Task item:
Copy each line of the data below exactly, leaving out pictures.

═════ Recorded information

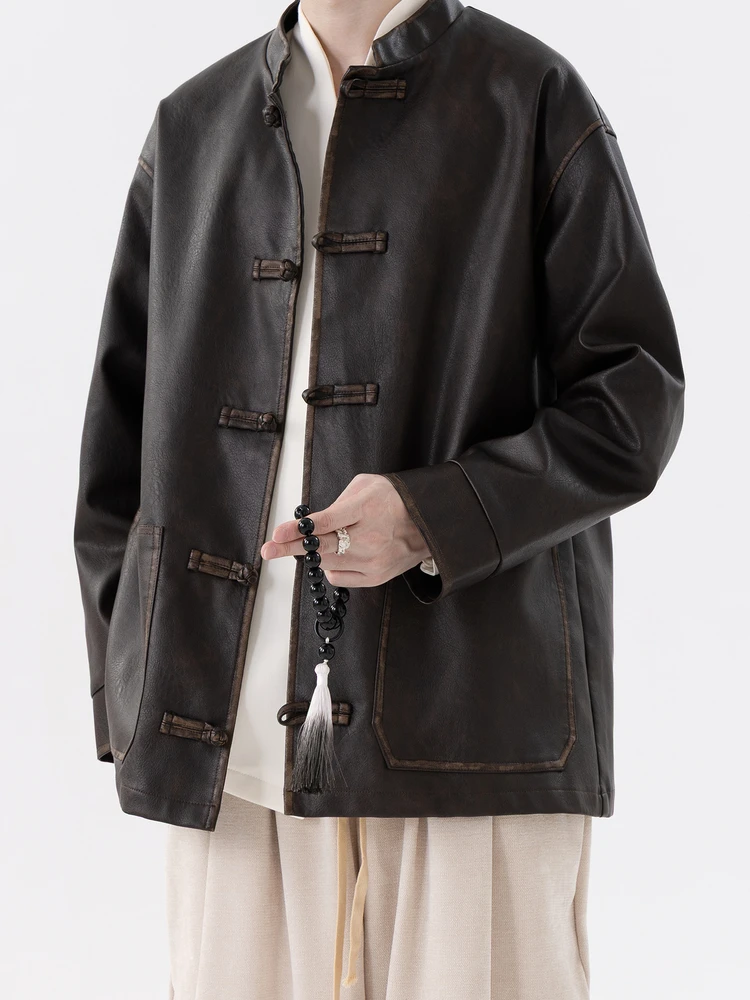 Новая мужская кожаная куртка-жакет в китайском стиле с воротником-стойкой, в стиле тан, больших размеров, повседневная кожаная куртка-жакет в древнем стиле
Новая мужская кожаная куртка-жакет в китайском стиле с воротником-стойкой, в стиле тан, больших размеров, повседневная кожаная куртка-жакет в древнем стиле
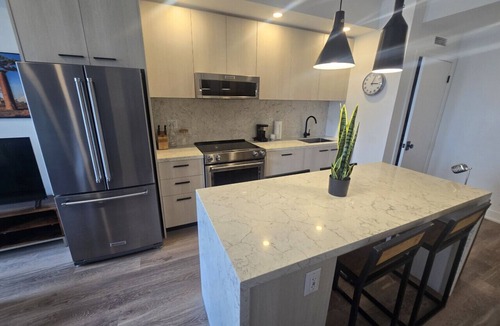 Downtown Toronto Apartment | Upscale 2-Bedroom Residence – Elm Ledbury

══════════

Exercise response:
 Новая мужская кожаная куртка-жакет в китайском стиле с воротником-стойкой, в стиле тан, больших размеров, повседневная кожаная куртка-жакет в древнем стиле
Новая мужская кожаная куртка-жакет в китайском стиле с воротником-стойкой, в стиле тан, больших размеров, повседневная кожаная куртка-жакет в древнем стиле
 Downtown Toronto Apartment | Upscale 2-Bedroom Residence – Elm Ledbury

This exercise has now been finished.